ASSIGNMENT –
Print nothing but the lines below starting at the line that holds "A grand, double-height" and ending at the line that holds "Lily and Brady talk in the kitchen.", including both, each exactly as written.

RECORDS TO USE –
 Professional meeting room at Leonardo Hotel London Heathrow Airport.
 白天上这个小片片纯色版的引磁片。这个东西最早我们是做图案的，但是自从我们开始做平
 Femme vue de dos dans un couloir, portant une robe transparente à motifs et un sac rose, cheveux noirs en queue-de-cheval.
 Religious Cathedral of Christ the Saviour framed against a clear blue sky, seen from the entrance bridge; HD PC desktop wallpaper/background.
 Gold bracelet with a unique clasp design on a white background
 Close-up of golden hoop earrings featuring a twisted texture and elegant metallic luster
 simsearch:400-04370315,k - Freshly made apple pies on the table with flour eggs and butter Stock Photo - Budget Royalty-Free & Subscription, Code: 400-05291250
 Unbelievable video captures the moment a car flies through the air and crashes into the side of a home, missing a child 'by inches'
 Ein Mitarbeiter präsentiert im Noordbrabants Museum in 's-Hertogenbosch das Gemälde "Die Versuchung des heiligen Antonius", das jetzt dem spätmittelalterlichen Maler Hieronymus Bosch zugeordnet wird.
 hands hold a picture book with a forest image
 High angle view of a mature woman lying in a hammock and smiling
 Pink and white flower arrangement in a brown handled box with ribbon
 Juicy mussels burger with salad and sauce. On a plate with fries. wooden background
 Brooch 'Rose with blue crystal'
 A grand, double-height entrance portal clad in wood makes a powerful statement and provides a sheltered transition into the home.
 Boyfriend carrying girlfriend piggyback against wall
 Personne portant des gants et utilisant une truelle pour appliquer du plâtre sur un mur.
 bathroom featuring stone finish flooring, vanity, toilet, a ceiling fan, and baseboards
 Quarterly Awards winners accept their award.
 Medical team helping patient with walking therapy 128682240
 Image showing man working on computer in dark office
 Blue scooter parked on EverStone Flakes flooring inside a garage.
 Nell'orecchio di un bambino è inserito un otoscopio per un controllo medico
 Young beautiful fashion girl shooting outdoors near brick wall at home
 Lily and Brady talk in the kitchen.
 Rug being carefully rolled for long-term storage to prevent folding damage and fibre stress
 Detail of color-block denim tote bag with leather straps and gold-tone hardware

COMPLETED EXERCISE –
 A grand, double-height entrance portal clad in wood makes a powerful statement and provides a sheltered transition into the home.
 Boyfriend carrying girlfriend piggyback against wall
 Personne portant des gants et utilisant une truelle pour appliquer du plâtre sur un mur.
 bathroom featuring stone finish flooring, vanity, toilet, a ceiling fan, and baseboards
 Quarterly Awards winners accept their award.
 Medical team helping patient with walking therapy 128682240
 Image showing man working on computer in dark office
 Blue scooter parked on EverStone Flakes flooring inside a garage.
 Nell'orecchio di un bambino è inserito un otoscopio per un controllo medico
 Young beautiful fashion girl shooting outdoors near brick wall at home
 Lily and Brady talk in the kitchen.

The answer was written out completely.